**Recorded data**
%%
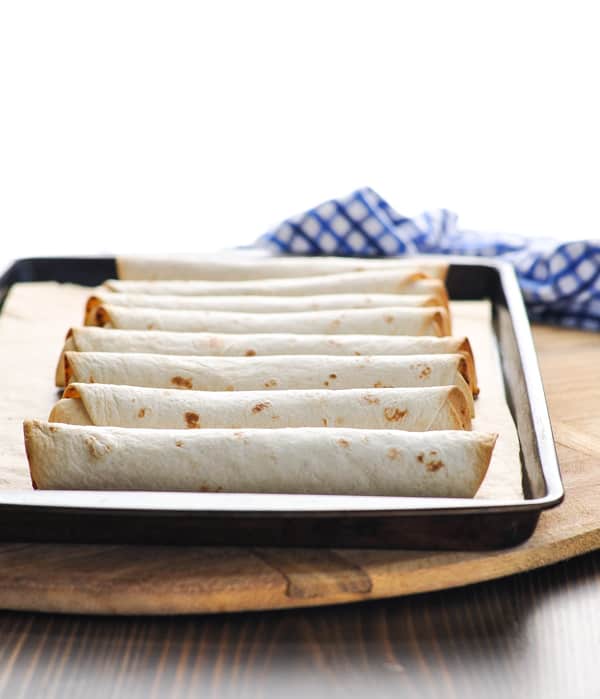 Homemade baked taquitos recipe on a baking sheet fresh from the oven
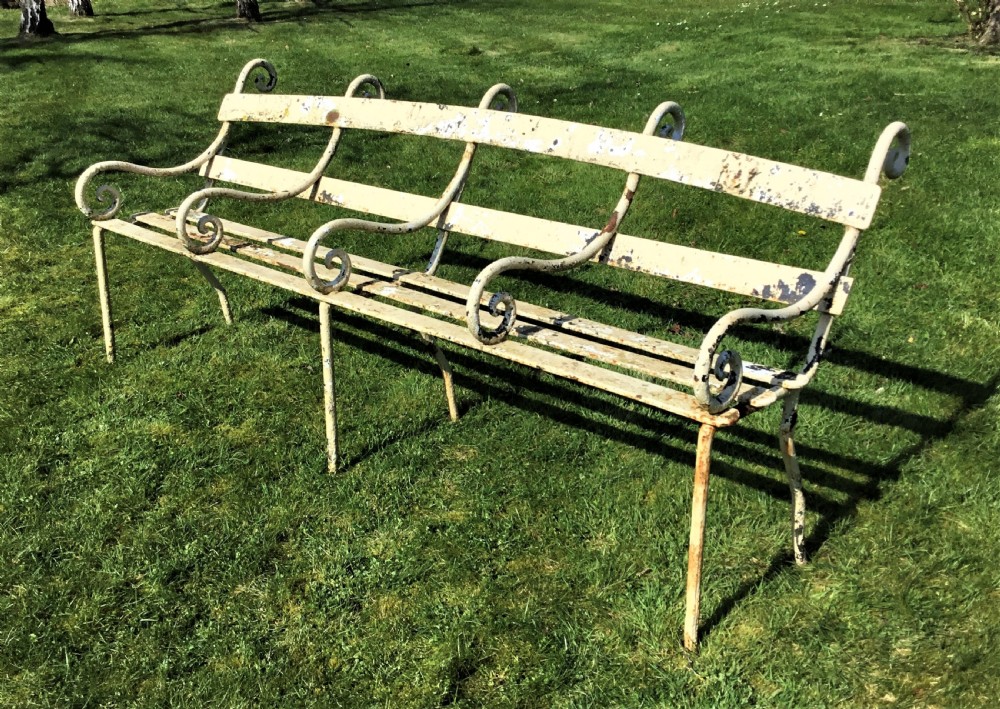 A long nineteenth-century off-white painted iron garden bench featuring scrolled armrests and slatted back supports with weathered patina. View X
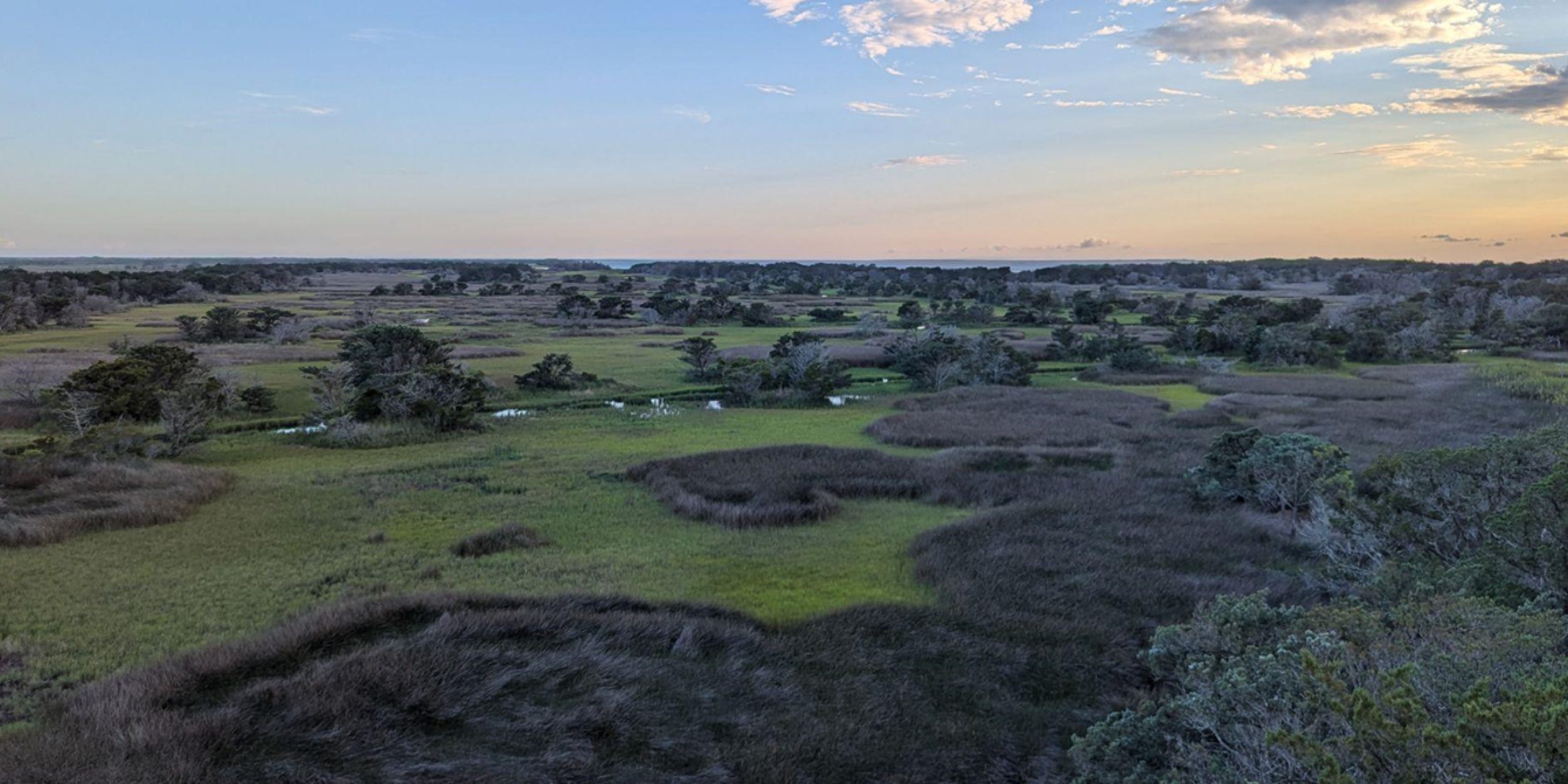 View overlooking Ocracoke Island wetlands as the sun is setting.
%%
**Problem details**
Print the material in full and exactly, minus the pictures.

**Solution**
 Homemade baked taquitos recipe on a baking sheet fresh from the oven
 A long nineteenth-century off-white painted iron garden bench featuring scrolled armrests and slatted back supports with weathered patina. View X
 View overlooking Ocracoke Island wetlands as the sun is setting.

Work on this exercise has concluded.